An instruction is a finite sequence of binary data (generally some number of bytes). The general idea is that instructions are a syntactic unit above bits, like words in a character string. Except unlike words, there’s no instruction separator character; instructions are all run together like afewinstructions. Segmenting ARM instructions is simple because they are all 32 or 64 bits. For x86, the length varies from 1 to 15 bytes and is affected by almost all parts of the instruction. sandsifter can determine the length of the first instruction in some bytes by finding an index for which seq|uence does not trigger a page fault, but se|quence does (where | is a page boundary). haruspex is even more tricky and examines the microcode speculation buffer performance counters to see how many nops after the byte sequence were speculated. With these tools we can segment arbitrary data into x86 instructions, assuming access to the processor.

Templates

Listing instructions out exhaustively one-per-line would be too much data due to exponential explosion, so instead we have a list of templates, each of which can turned into an instruction by filling in the holes. Following Xed we can call the data that is filled in “explicit operands”. The explicit operands are distinguished bitstrings and can refer to registers, addresses, and immediate values. We choose each template so that it has similar behavior regardless of what is chosen for its explicit operands.

The templates should have names. For automatically generating them from sandsifter data, it could be a hash of the template string, or else the smallest unique opcode prefix, or something. But really we want to use the mnemonics from the official docs where possible, for standardization.

Intel in their docs seems to use byte-based templates, for example 64-bit ADCX is 66 <REX.w> 0F 38 F6 <MODRM>. The REX is 1 byte with 3 bits of varying operand data; the modrm is an operand and can be 1-6 bytes (register or memory with optional SIB/displacement).

ARM has fixed length instructions and uses a bit-based format, for example A64 ADDS is sf 0101011 shift* 0 Rm**** imm6***** Rn**** Rd****. Here each name is an operand and the stars represent extra bits of the operand - the operand is a fixed-length bitstring.

A basic schema for each instruction template is:

  • form name (string)

  • explicit operands (list)

    • name (dest, src1, xmm1, etc.)

    • type:

      • immediate (range/size b, z, etc.)

      • register class (class GPR8, GPRv, XMM, etc.)

      • memory (size b, v, etc.)

  • encoding function [Operands] -> Bits

Metadata

Although we should allow the possibility of having no data about an instruction besides its bit pattern, many compiler optimizations depend on having more data, such as pipelining, register allocation, instruction scheduling, and instruction selection.
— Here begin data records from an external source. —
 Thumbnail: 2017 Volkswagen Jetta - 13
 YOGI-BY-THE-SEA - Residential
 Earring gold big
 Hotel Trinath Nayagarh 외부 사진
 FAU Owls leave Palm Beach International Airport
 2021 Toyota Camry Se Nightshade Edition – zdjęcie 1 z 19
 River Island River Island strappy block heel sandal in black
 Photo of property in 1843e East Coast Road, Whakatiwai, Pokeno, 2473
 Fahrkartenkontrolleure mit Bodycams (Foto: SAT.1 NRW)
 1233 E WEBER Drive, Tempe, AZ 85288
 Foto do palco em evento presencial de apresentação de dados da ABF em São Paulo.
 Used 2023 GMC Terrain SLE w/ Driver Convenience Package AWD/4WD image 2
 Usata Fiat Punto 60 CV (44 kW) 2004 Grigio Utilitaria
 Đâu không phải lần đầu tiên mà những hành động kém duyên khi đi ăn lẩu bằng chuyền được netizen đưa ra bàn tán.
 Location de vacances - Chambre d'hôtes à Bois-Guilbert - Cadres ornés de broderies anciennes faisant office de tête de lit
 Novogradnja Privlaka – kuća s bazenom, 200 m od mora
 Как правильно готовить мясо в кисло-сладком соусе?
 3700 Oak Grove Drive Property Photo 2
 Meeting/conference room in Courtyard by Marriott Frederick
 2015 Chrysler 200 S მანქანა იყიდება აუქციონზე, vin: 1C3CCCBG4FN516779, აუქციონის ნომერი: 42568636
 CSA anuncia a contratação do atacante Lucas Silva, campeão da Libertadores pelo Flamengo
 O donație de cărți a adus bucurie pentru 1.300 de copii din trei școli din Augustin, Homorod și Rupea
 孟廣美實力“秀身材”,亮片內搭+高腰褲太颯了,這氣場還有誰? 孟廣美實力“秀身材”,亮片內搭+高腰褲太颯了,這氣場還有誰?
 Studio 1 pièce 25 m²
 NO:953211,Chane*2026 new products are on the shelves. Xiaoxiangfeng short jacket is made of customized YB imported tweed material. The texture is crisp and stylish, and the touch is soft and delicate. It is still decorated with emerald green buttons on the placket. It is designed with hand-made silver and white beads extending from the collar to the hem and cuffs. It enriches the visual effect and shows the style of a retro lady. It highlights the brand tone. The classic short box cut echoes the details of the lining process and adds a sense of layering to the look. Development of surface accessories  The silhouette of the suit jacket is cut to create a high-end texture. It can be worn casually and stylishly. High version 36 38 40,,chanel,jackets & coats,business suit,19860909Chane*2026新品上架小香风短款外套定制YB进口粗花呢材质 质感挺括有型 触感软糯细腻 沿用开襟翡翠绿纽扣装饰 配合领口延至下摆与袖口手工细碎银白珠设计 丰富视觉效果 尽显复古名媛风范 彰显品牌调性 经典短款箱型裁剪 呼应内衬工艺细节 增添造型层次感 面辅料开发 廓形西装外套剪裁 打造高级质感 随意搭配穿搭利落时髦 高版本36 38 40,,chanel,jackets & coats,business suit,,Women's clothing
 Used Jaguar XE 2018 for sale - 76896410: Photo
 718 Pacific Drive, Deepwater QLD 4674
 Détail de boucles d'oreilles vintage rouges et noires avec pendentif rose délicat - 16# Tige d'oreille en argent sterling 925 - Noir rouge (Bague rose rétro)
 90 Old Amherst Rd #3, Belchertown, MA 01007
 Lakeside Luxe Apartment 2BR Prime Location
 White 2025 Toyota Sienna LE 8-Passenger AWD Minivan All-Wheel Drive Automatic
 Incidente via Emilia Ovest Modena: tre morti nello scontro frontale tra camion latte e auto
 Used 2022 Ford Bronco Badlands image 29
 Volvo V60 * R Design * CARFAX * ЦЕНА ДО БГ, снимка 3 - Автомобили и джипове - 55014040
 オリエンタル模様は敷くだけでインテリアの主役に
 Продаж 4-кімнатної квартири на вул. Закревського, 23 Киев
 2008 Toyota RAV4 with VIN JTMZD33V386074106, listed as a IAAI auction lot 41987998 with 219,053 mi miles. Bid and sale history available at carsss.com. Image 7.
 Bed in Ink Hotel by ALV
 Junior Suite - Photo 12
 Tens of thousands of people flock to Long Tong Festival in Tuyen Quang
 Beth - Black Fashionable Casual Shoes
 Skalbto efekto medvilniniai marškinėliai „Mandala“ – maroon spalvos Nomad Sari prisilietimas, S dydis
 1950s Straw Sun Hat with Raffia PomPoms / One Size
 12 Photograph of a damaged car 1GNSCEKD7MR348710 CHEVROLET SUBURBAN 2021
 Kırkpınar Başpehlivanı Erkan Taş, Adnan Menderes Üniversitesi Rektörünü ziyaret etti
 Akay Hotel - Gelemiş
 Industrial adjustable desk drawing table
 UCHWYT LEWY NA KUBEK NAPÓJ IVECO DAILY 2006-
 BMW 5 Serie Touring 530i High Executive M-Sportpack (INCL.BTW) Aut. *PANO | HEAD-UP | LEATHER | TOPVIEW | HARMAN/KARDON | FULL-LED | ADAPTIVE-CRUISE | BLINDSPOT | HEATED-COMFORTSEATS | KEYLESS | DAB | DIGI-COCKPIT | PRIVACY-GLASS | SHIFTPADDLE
Basic list of data:

  • conditions under which instruction is valid (processor, CPUID, valid modes such as 32-bit, real, protected, etc.)

  • timing

    • latency - number of clock cycles required for execution

    • throughput - rate at which the instruction can be executed (cycles/instr)

    • whether execution time is data dependent (for cryptography)

    • micro-ops - if the instruction is broken down

    • functional units - ALU, multiplier, divider, and load/store units

  • affected state - read/conditionally read/written/clobbered flags/general-purpose registers/stack pointer/memory/FP regs/SIMD regs/program counter - used in instruction reordering/scheduling and register allocation to minimize data hazards. “undefined” in the context of Intel means “arbitrary bit-pattern may be returned”. This is distinct from C’s UB but matches LLVM’s “undef”.

  • possible traps/exceptions

  • pseudo-resources - to represent non-deterministic instructions, like random number generation, monitors, etc.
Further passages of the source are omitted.